The absolute best time to engage kids is 5-12 years old. This is the age where there primary learning comes from the family. Kids are much smarter than parents give them credit for. They are capable, with guidance, of beginning to make decisions about money much earlier than parents expect.
JP: We have been talking predominantly about wealthy families. What about families who are still building their businesses and don’t have a lot of liquid wealth. Are there opportunities for them to be involved philanthropically?
DM: Some people don’t realize you don’t have to be a Ford to have a foundation. You don’t have to have a billion or even a million dollars to make a difference. The question you need to ask yourself is - are we going to be charitable or philanthropic? Most people operate in the charitable mode. The opportunity to make a greater difference is there. But, they don’t optimize their giving. They spray their money around and don’t focus on a mission for their giving.
Charitable giving is reactive giving. There are over a million charities out there, all of whom have needs. The model out there is to build fairly substantial boards and dinner committees and sophisticated outreach committees. Many family business owners get lots of requests from friends. It may be school, community, faith-based organization. They respond to requests or invitations to events and before you know it, all the money you have to give is already allocated. We call this “plant a thousand seeds and hope that something blossoms”. Philanthropic giving is where you start exploring what you believe to be issues in areas you care about and then you become more proactive in finding the organizations that serve the needs.

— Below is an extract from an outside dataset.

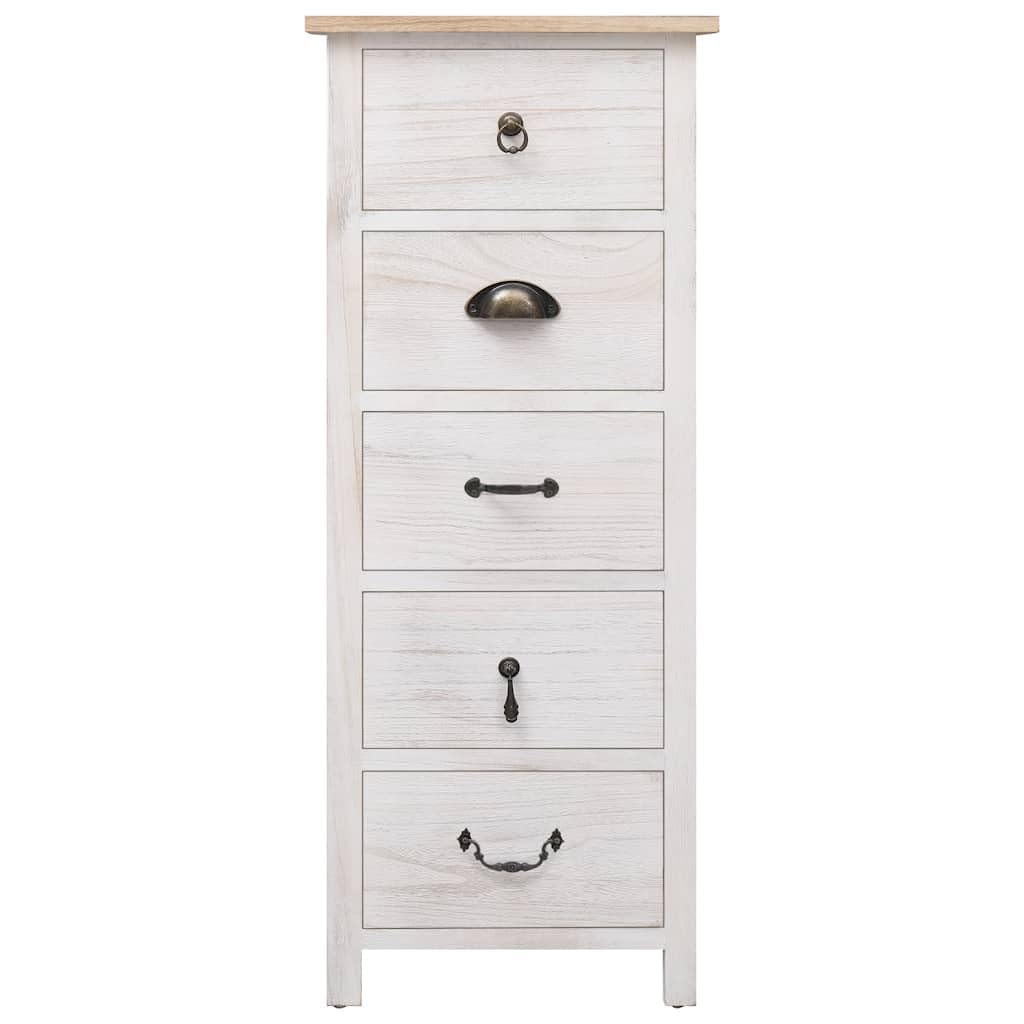 Mobiletto in legno di paulownia, 35 x 25 x 87 cm, con 5 cassetti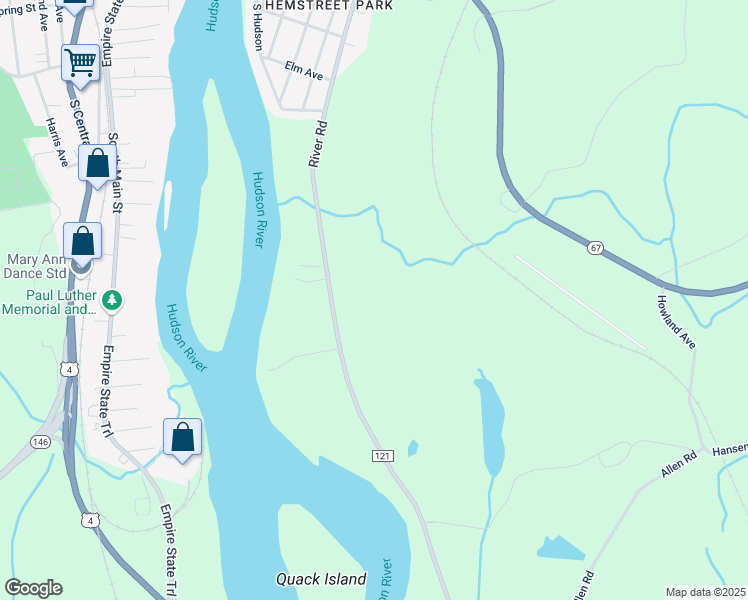 map of restaurants, bars, coffee shops, grocery stores, and more near 3146 River Road in Mechanicville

I recommend creating two missions. The external mission is about making a difference in your community. The internal mission is about what I want to do for my family.
You can create these missions regardless of how much you have to give away. You can visit charities and understand what they do. You can build volunteer philanthropic work into your travel.
JP: Business owning families don’t always see eye to eye on matters involving the business. Is this also the case in philanthropic decisions? If so, what can families do to avoid conflict?
DM: One of the common mistakes is for elder generations to take too heavy of a hand in determining how money will be given away. I don’t think it’s fair for elder generations to lock the next generation into a philanthropic mission. If the next generation members are expected to participate but not given any decision-making power, they probably won’t be engaged. If elder generations have made the mistake of not preparing the next generation to make good giving decisions, that is their fault. If the elder generation is really set on what they want to give to, hire a bank trust person and let them administer the funds. Don’t burden the next generation with a menial task. Then let the next generations have discretion over some money so that they can give in areas that interest them.